Task item » Return the lines of the data below, from the one containing "ตราภูเขาทอง 150เมล็ดโดยประมาณ เมล็ดพันธุ์ผัก" through the very last, exactly and with both ends included; no pictures.
Start of Block
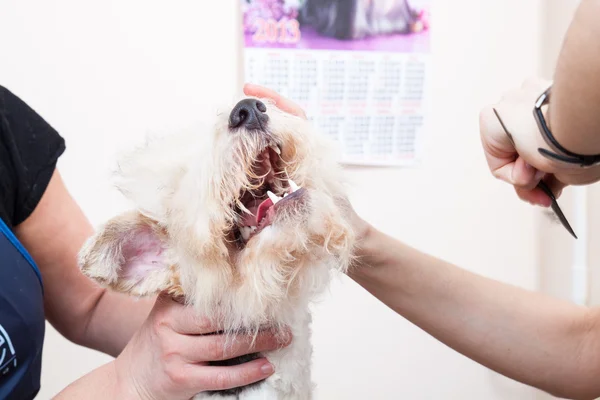 Fox Terrier lässt sich die Haare schneiden — Stockfoto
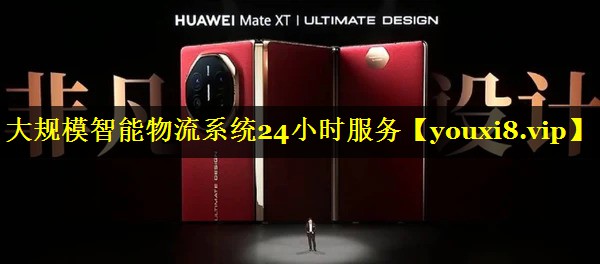 大规模智能物流系统24小时服务 大规模智能物流系统24小时服务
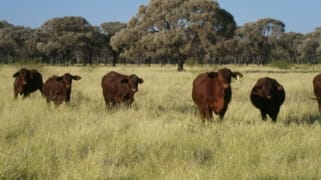 'Glenthomson' Thomson Developmental Road Longreach QLD 4730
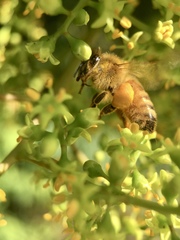 Apis mellifera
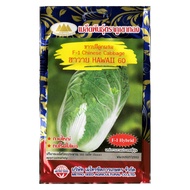 เมล็ดผักกาดขาวปลี ฮาวาย60  F-1 CHINESE CABBAGE MT/F1-30 ตราภูเขาทอง 150เมล็ดโดยประมาณ เมล็ดพันธุ์ผัก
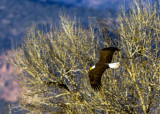 Bald Eagle soaring over Dead Horse Ranch State Park, AZ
End of Block
Response to this task »
 เมล็ดผักกาดขาวปลี ฮาวาย60  F-1 CHINESE CABBAGE MT/F1-30 ตราภูเขาทอง 150เมล็ดโดยประมาณ เมล็ดพันธุ์ผัก
 Bald Eagle soaring over Dead Horse Ranch State Park, AZ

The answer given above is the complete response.